Often one of the tags indicates that there is a small integer encoded immediately in the machine word [1, 6]. When the result of an arithmetic operation is small enough there is no need to allocate memory to store the result. These small integers are sometimes referred to as fixed-point numbers or fixnums [4, 3, 7]. On a machine with 64-bit words and three tag bits the fixnum range is quite reasonable. In LISP implementations one of the tags is often used for other miscellaneous types which can be stored immediately in machine words, e.g. characters and the empty list [5, 6]. The remaining tags can be used to indicate that the machine word contains a pointer to a specific type of object, e.g. a pair, a vector, a procedure or some other common type. One of the tags will need to indicate that the real type of the object is stored somewhere else [6].

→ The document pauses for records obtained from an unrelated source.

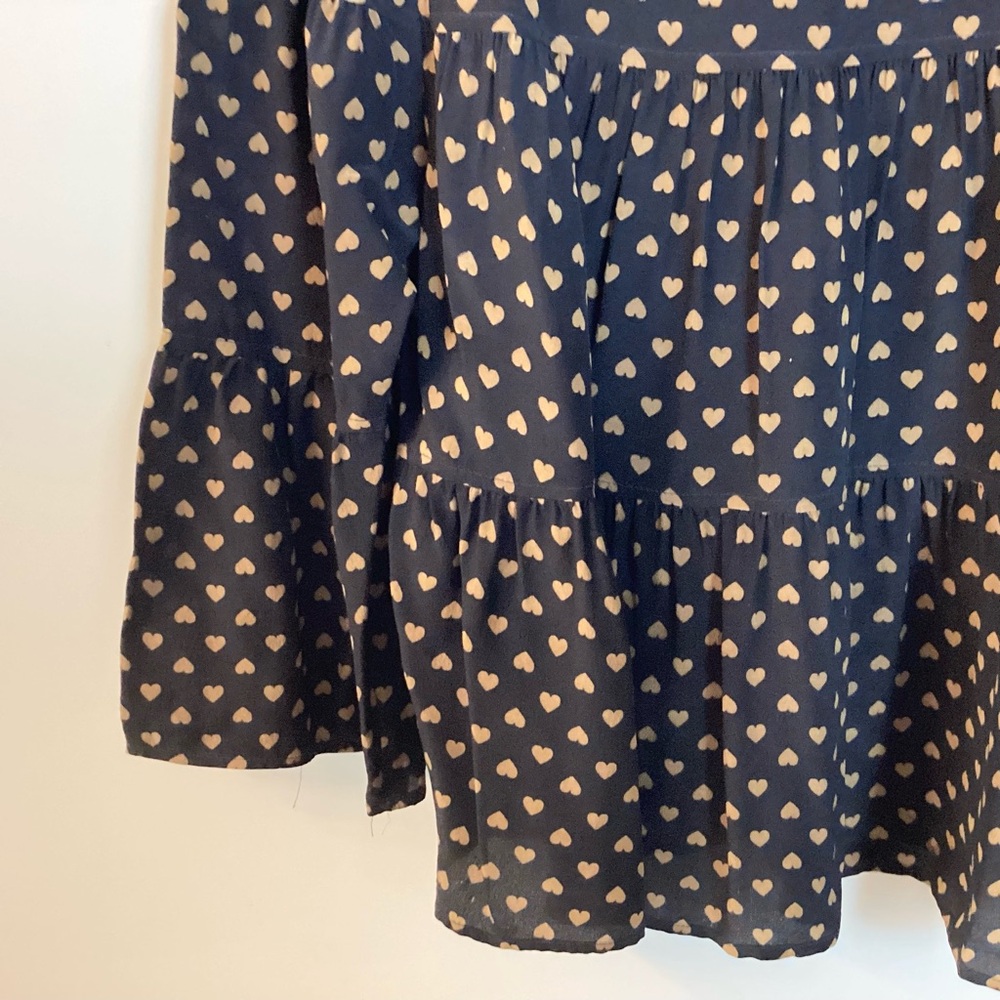 Madewell Silk Tiered Button Back Heart Print Top - Black - S - Picture 3 of 8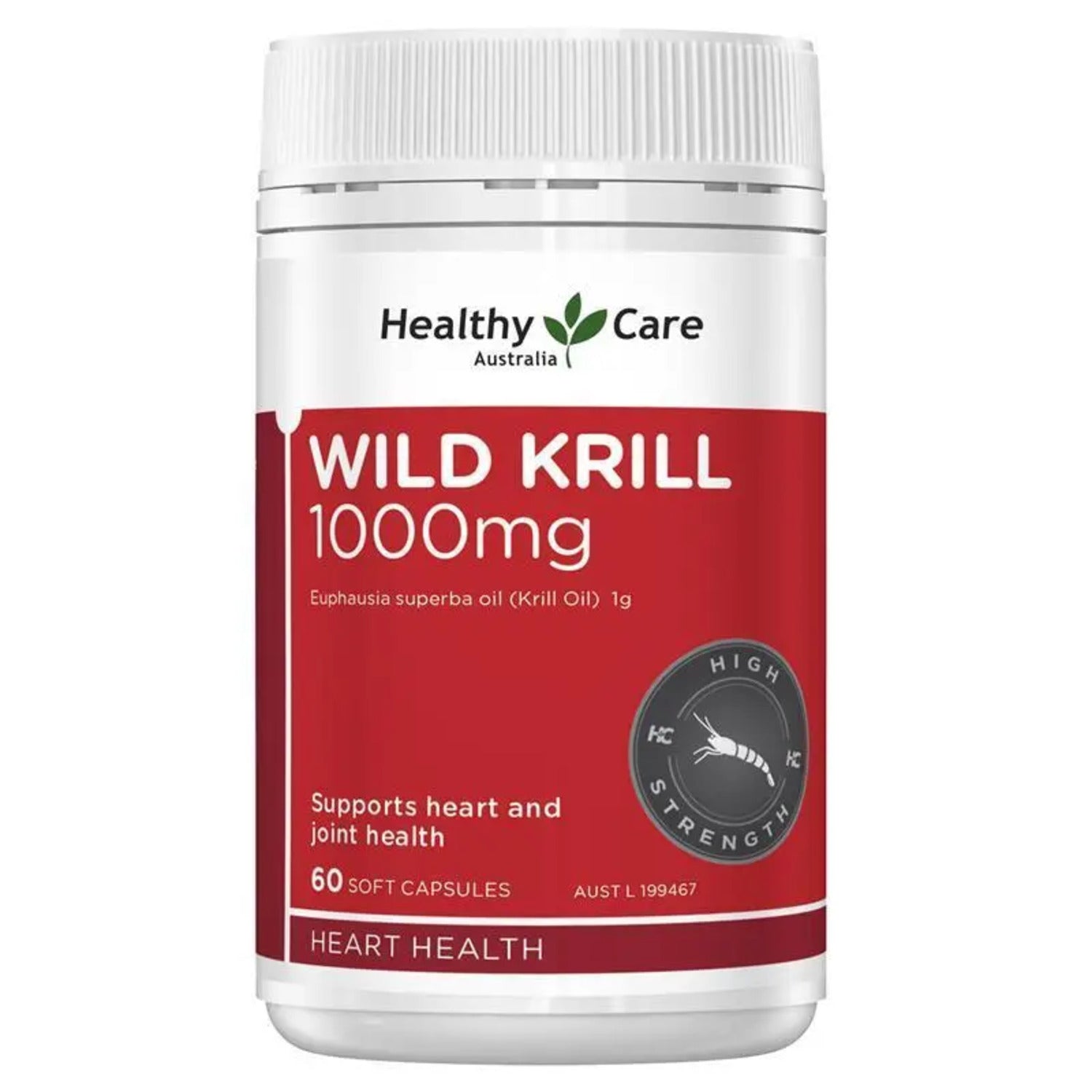 Healthy Care Wild Krill Oil 1000mg 60 Soft Capsules - BeeVitamins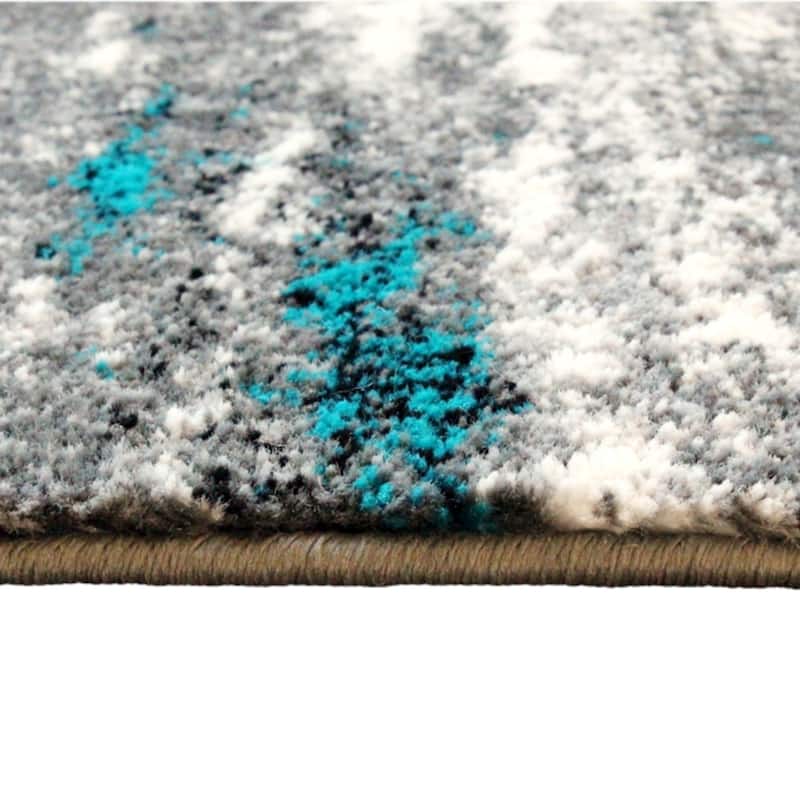 Distressed Motif Indoor Jute Back Olefin Area Rug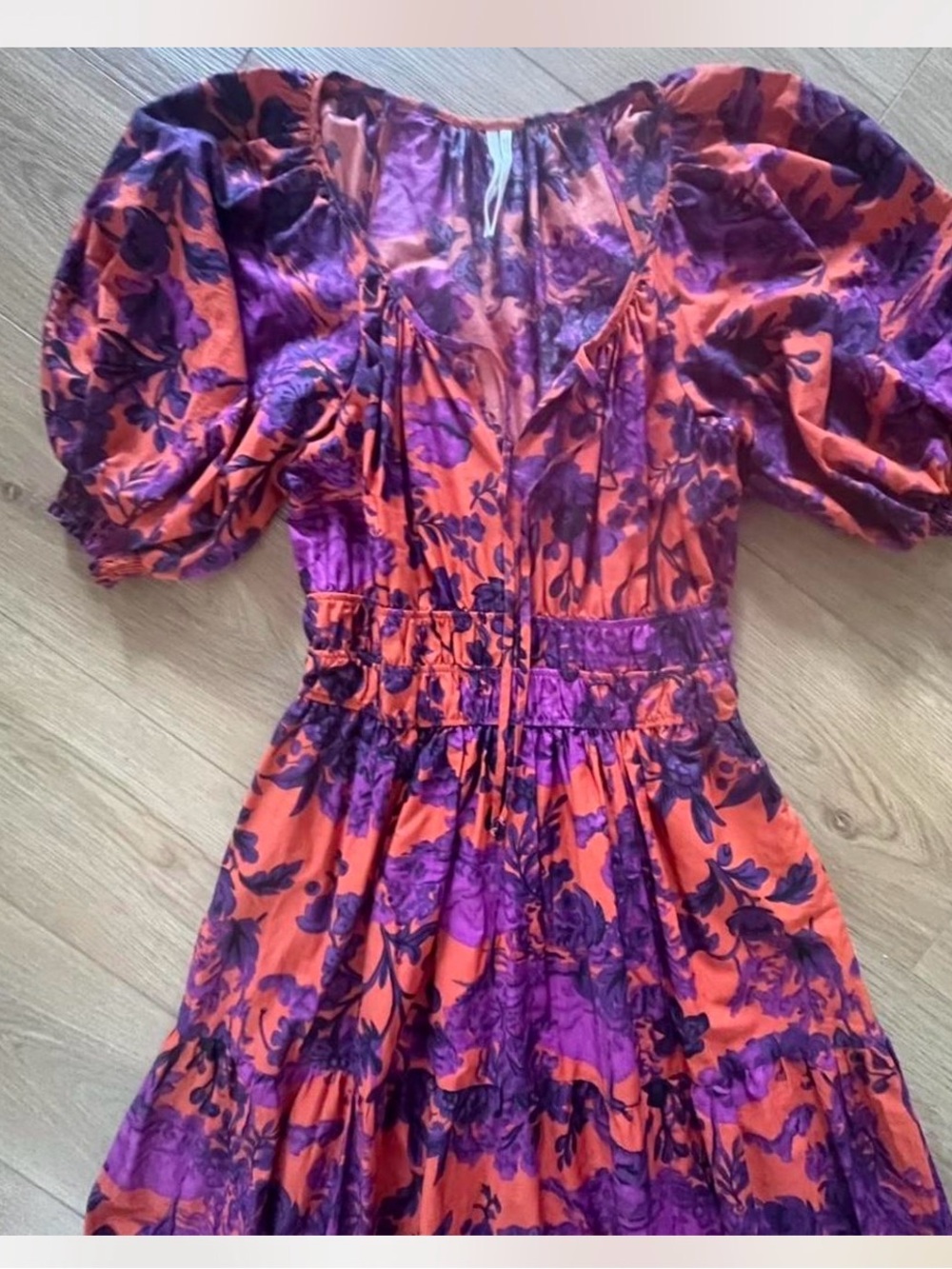 Anthropologie Maeve Floral Puff Sleeve Midi Dress Orange Purple Size Small - Picture 7 of 8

There are some disadvantages to tagging machine words in this way. For some operations the tag must first be removed, a process known as unboxing [1]. The compiler must also insert explicit checks before using an object in order to guarantee memory-safe semantics. There have been several approaches to solving this problem. One approach is to use specialized hardware. The Symbolics 3600 had special hardware that performed type-checking in parallel with the normal operations of the processor [4]. Another example is the SPARC which has the TADDcc and TSUBcc instruction that work with fixnums [8].

Another approach comes from the software side. There are a number of techniques available that let the compiler generate code which does not need to do any unboxing or safety checking. The language can be extended with optional static typing and the compiler can use type inference [9]. The compiler can also provide different safety levels [10]. The default safety level generally guarantees memory-safe semantics. When the programmer is comfortable with the type safety of the program he can instruct the compiler to generate faster code by removing the safety checks.

This paper presents a novel technique that uses a combination of software and existing commodity hardware. The software arranges for the hardware to automatically perform the safety checks with virtually no overhead for programs without dynamic type errors.

## II. ALIGNMENT CHECKS

The widely available Intel IA-32 and AMD64 architectures have an optional feature called alignment

<sup>© 2012</sup> Göran Weinholt <goran@weinholt.se>. Permission is granted to copy and redistribute this document without modification provided that this notice is preserved.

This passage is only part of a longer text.